Lets look at options for making this thread safe…

Synchronized

Based on the Java synchronized block, this is the simplest method. You can get a mutex lock on any object while executing a block of code. You could update the publisher implementation like below…

trait SynchronizedPublisher[T] {

  private[this] val eventListeners = mutable.Map[AnyRef, (T) => Unit]()
  private[this] val rwLock = new Object

  def subscribe(ref: AnyRef, fn: (T)=>Unit) : Unit = {
    rwLock.synchronized {
      eventListeners += (ref -> fn)
    }
  }

  def unsubscribe(ref: AnyRef):Unit = {
    rwLock.synchronized {
      eventListeners -= ref
    }
  }

  def fireEvent(event: T): Unit = {
    rwLock.synchronized {
      eventListeners.foreach(_._2(event))
    }
  }

}

 

The advantage of this approach is its fast and simple to use.

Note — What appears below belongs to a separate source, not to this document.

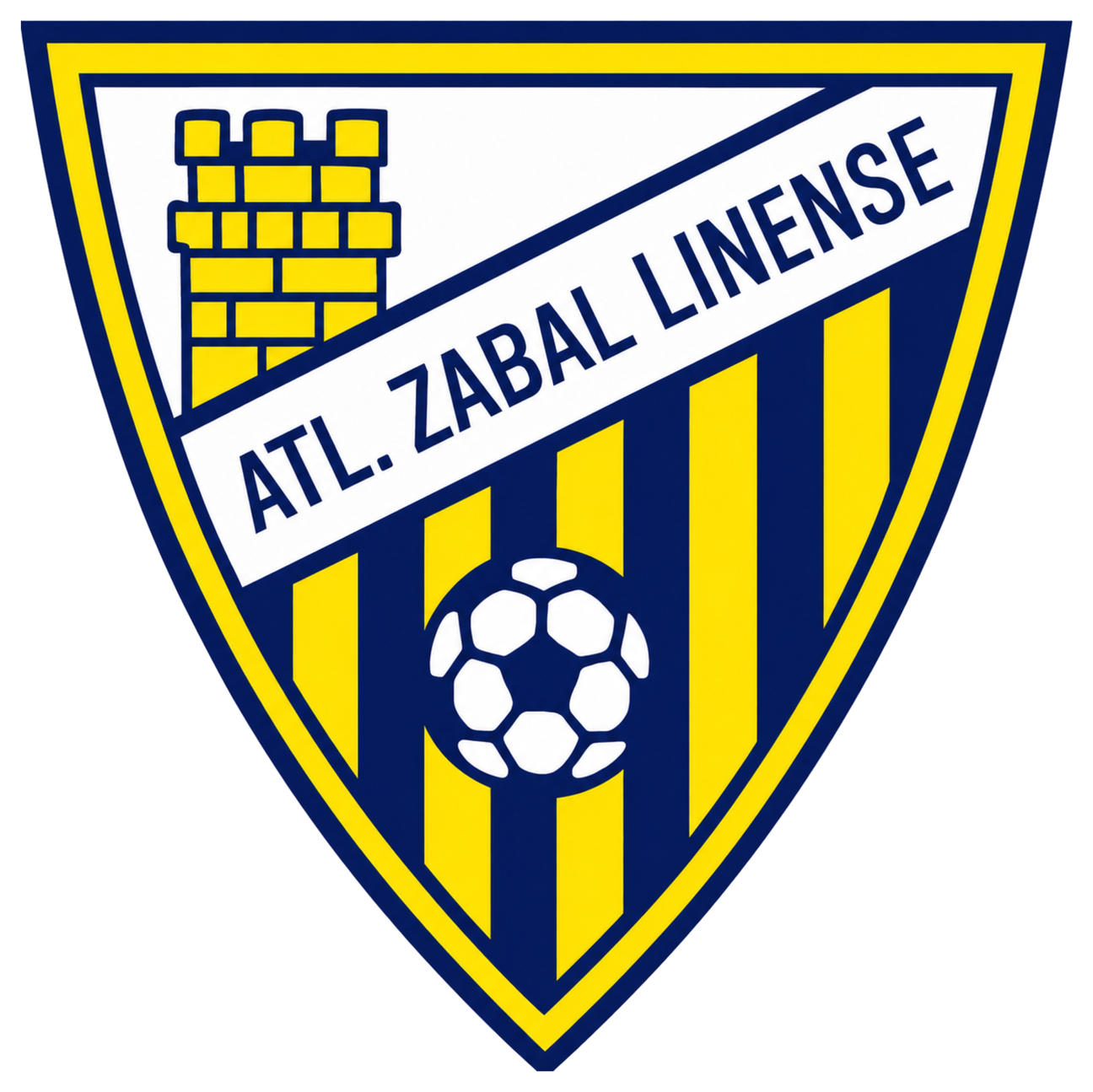 Escudo del Atlético Zabal Linense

The disadvantage of this approach is its an exclusive lock on that object which means only one thread can hold the lock. This has two problems:

  1. Access to these functions is effectively single threaded so it’s not a very good choice if most threads will be reading and not changing the state as it still only supports 1 reader at a time.
  2. You need to be careful not to hold the lock too long and not to grab other locks in synchronized blocks in case you create a deadlock situation.

Atomic Reference

Leverage the existing powerful java concurrency options. There are java collections that support concurrency like java.util.concurrent.ConcurrentHashMap<K,V>.

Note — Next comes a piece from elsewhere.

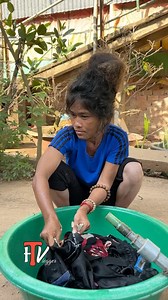 376K views · 5.4K reactions | Bất ngờ chị san vừa giặt đồ vừa hát nhạc trừu 浪浪浪 | Hoàng Thảo Vlogger | Facebook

A general purpose approach is to use the atomic reference which is built like a wrapper on a volatile variable with the additional functionality of a compareAndSet operation that is guaranteed to be atomic.

A sample implemention could look this…

trait SynchronizedPublisher[T] {

  private[this] val eventListeners = new AtomicReference(Map[AnyRef, (T) => Unit]())

  def subscribe(ref: AnyRef, fn: (T) => Unit): Unit = {
    update(_ + (ref -> fn))
  }

  def unsubscribe(ref: AnyRef): Unit = {
    update(_ - ref)
  }

  protected[this] def fireEvent(event: T): Unit = {
    eventListeners.get().values.foreach(_ (event))
  }

  private[this] def update(fn: (Map[AnyRef, (T) => Unit]) => (Map[AnyRef, (T) => Unit])): Unit = {
    while(true) {
      val listenerMap = eventListeners.get()
      if (eventListeners.compareAndSet(listenerMap, fn(listenerMap)))
        return // success
    }
  }

}

 

The advantage of this approach is that it’s lockfree and thread-safe. It performs well, particularly if the access is mostly read and there isn’t much contention for write.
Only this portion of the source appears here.